= RECORDED INFORMATION =
□ □ □

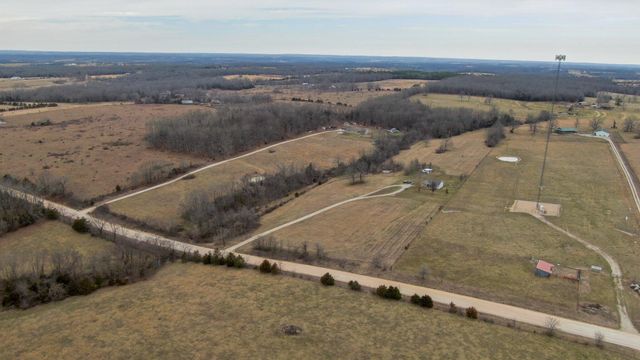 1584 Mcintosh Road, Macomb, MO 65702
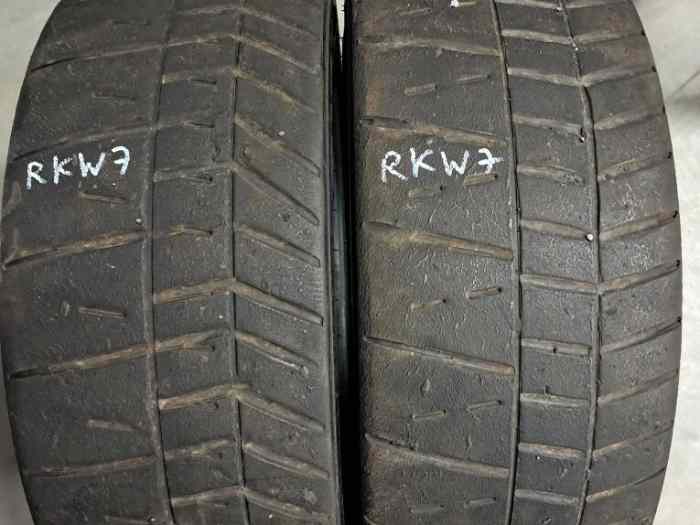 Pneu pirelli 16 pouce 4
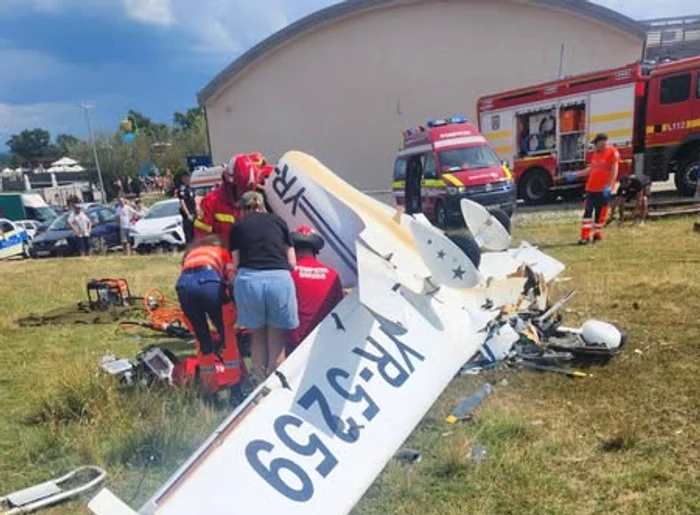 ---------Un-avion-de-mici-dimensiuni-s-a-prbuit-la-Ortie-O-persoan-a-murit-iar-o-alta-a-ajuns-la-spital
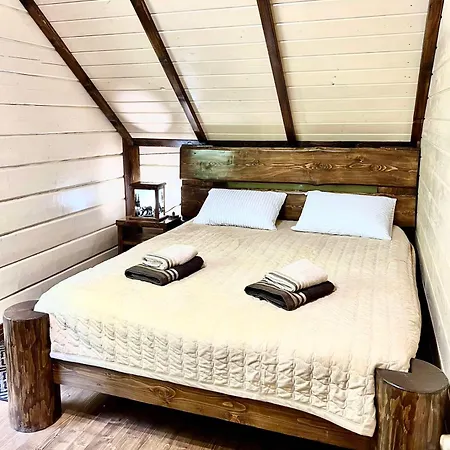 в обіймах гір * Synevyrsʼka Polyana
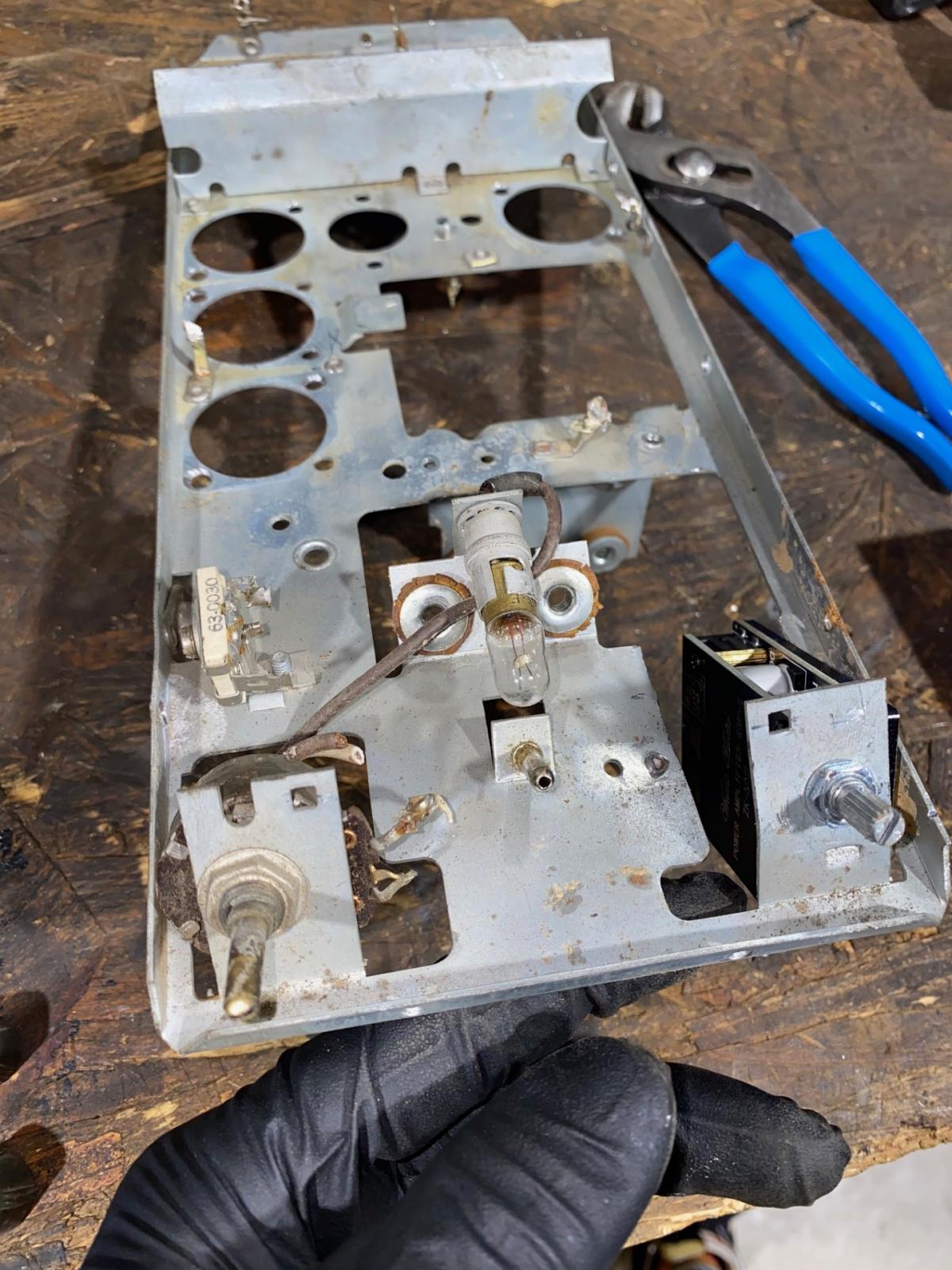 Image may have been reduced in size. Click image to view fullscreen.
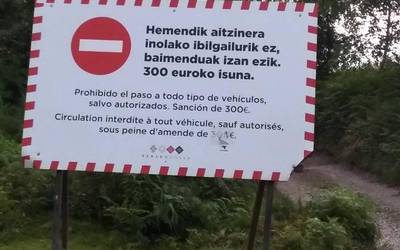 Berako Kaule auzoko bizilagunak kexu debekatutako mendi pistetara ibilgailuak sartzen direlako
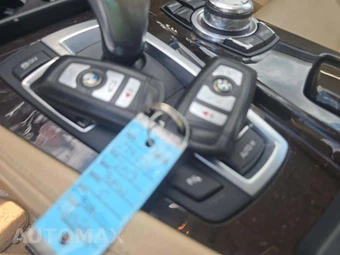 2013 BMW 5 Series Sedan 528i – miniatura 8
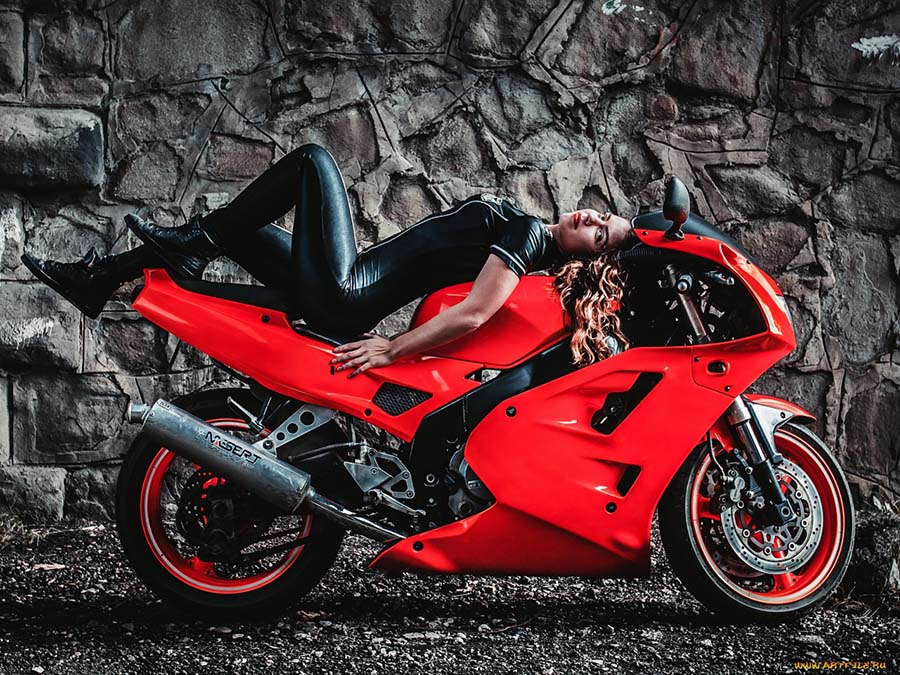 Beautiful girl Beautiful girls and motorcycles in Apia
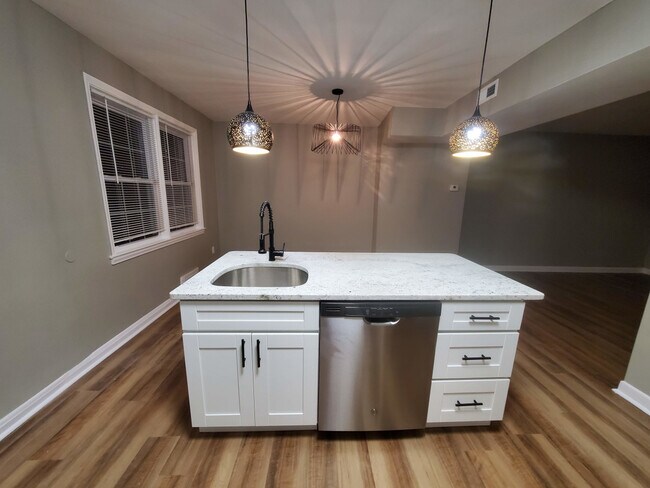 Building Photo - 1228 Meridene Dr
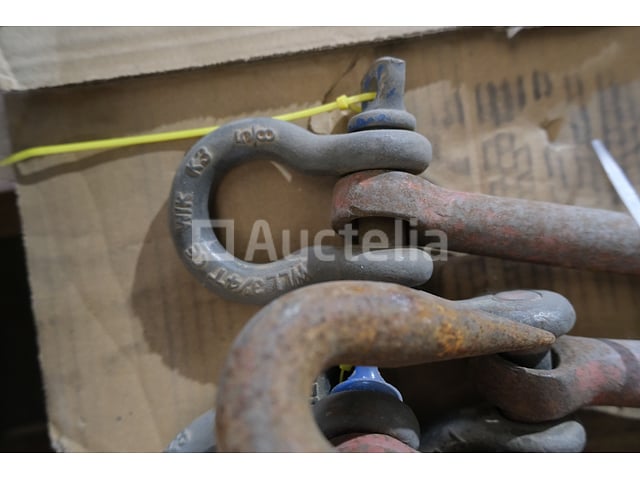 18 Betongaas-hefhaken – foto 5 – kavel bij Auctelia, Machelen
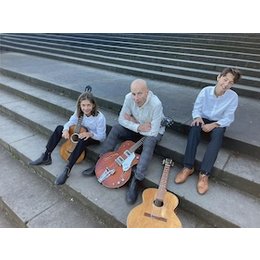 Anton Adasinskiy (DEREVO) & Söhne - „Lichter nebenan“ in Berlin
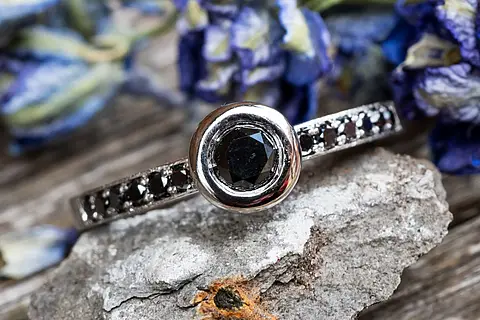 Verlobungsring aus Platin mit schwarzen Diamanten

□ □ □

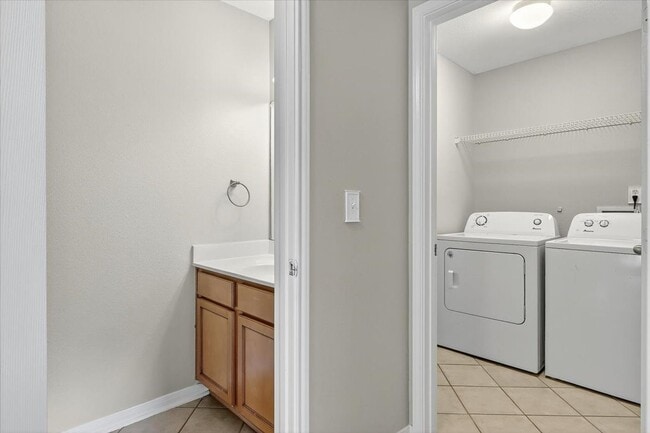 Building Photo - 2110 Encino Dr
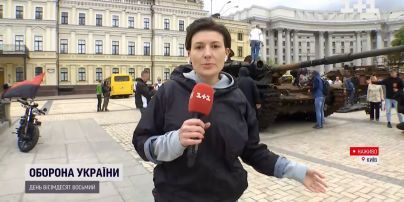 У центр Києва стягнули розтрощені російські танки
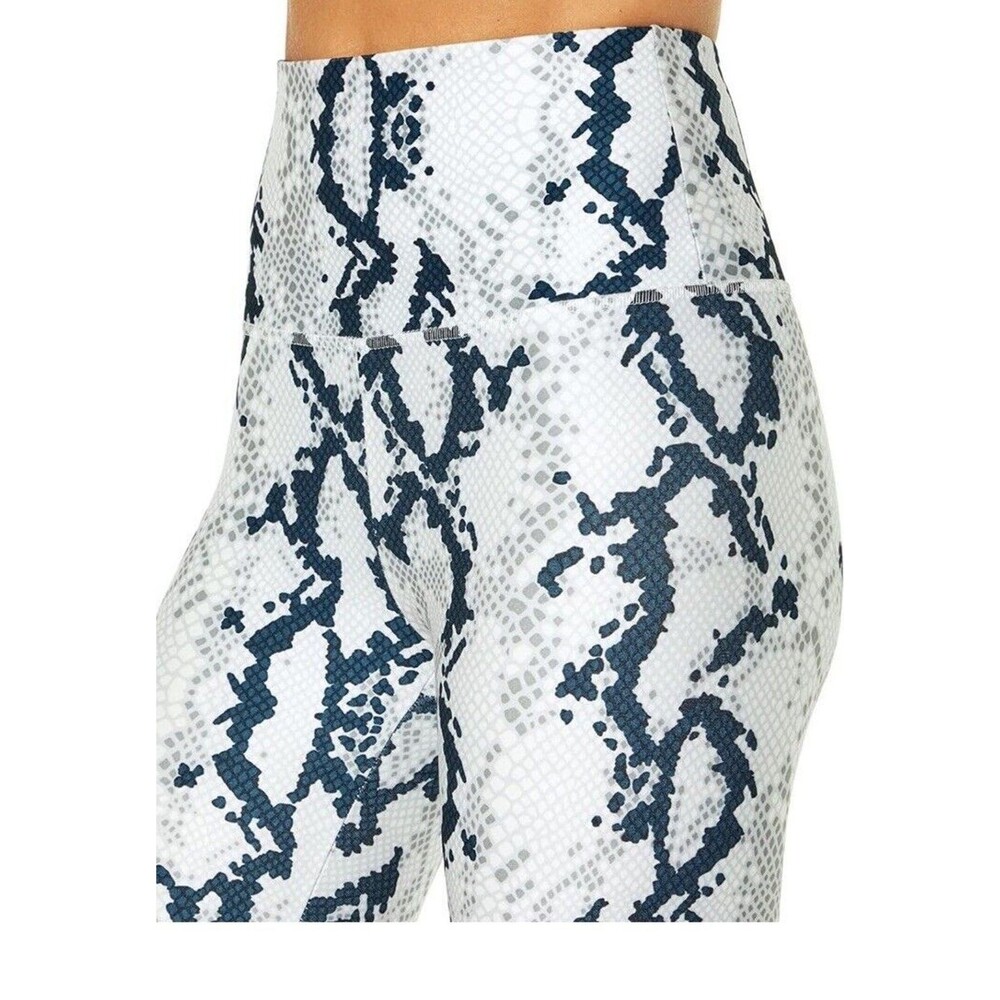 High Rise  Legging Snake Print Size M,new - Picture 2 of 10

□ □ □

= WORK REQUIRED =
In the listing above, find the line containing "Building Photo - 1228 Meridene Dr" and the line containing "Verlobungsring aus Platin", then return both of them and every line between, exactly, without pictures.

= FINISHED EXERCISE =
 Building Photo - 1228 Meridene Dr
 18 Betongaas-hefhaken – foto 5 – kavel bij Auctelia, Machelen
 Anton Adasinskiy (DEREVO) & Söhne - „Lichter nebenan“ in Berlin
 Verlobungsring aus Platin mit schwarzen Diamanten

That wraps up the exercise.